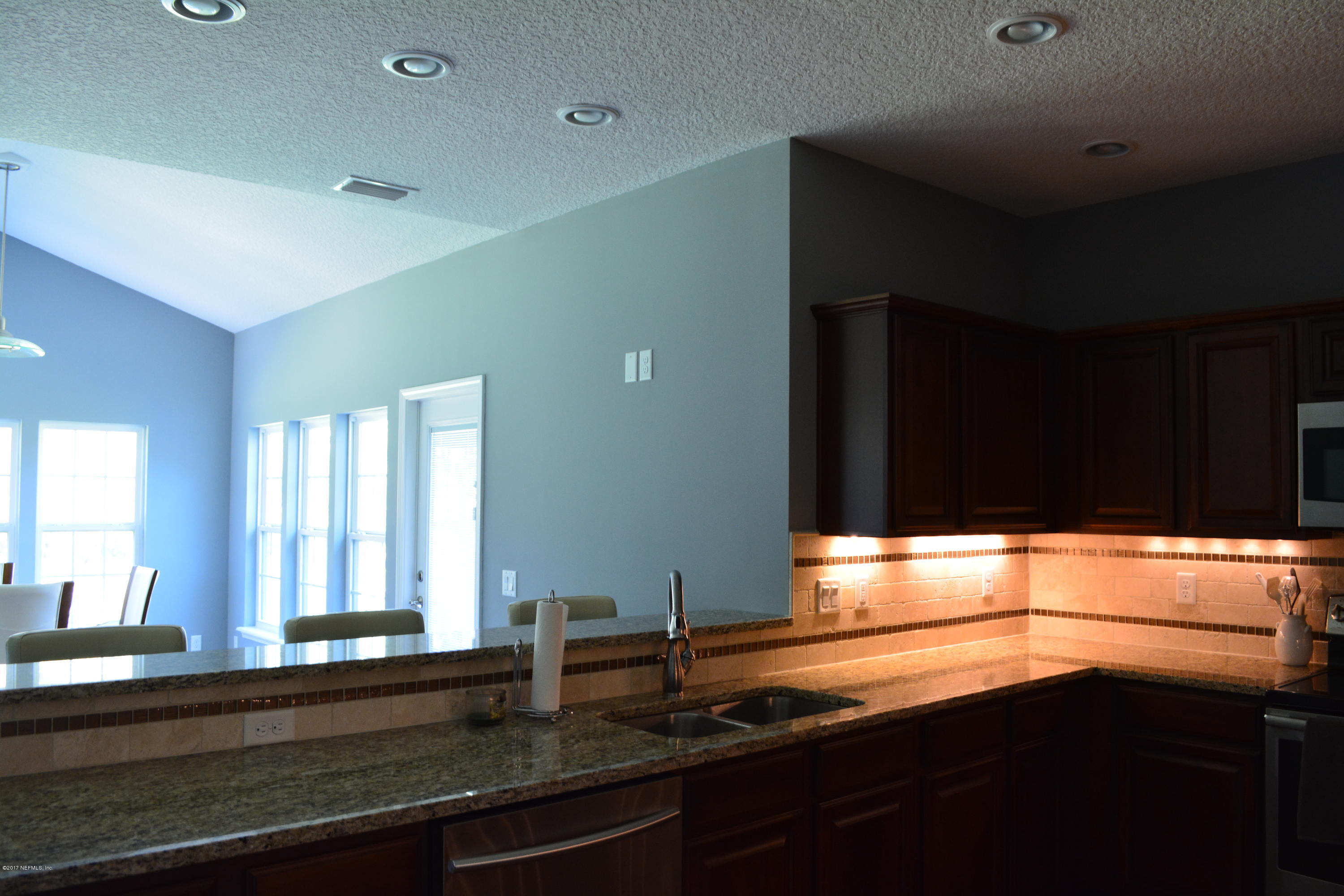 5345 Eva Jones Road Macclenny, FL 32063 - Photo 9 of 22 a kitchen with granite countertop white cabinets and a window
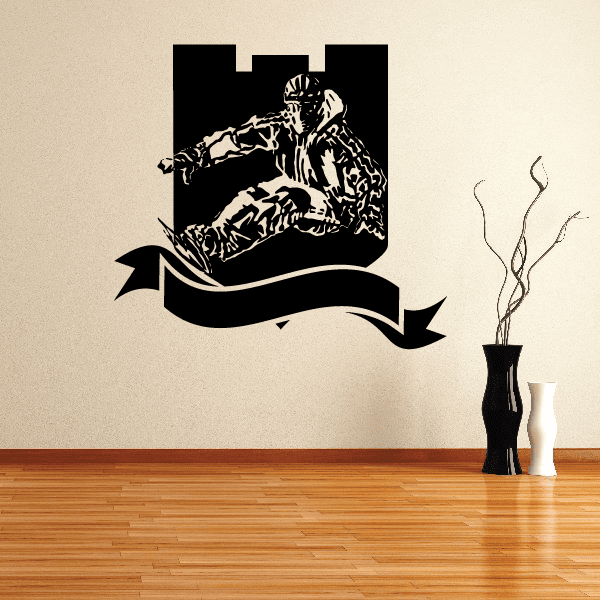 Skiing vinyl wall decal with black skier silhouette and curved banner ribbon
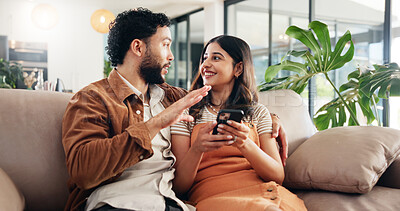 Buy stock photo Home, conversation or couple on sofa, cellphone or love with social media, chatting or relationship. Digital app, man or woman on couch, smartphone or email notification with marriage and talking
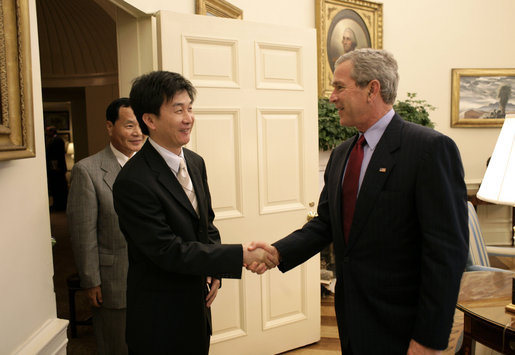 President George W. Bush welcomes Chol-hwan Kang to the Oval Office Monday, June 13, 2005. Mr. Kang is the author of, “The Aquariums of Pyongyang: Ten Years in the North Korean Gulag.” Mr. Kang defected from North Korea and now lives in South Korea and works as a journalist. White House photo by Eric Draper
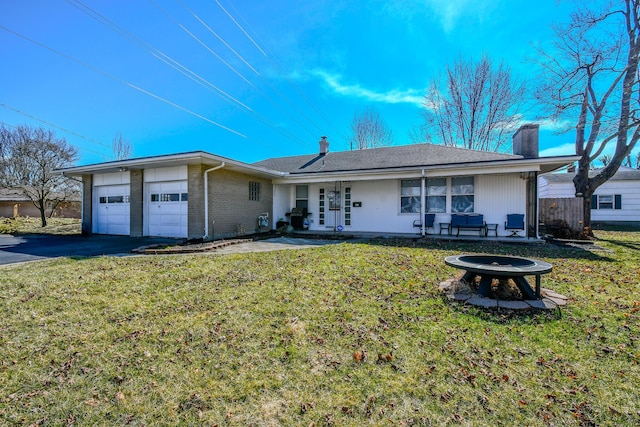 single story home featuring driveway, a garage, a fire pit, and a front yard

● ● ●

__WHAT YOU WILL DO__:
In the material above, which lines fall between the one holding "Skiing vinyl wall" and the one holding "Buy stock photo", inclusive? Print exactly those, with the pictures left out.

__WORKED SOLUTION__:
 Skiing vinyl wall decal with black skier silhouette and curved banner ribbon
 Buy stock photo Home, conversation or couple on sofa, cellphone or love with social media, chatting or relationship. Digital app, man or woman on couch, smartphone or email notification with marriage and talking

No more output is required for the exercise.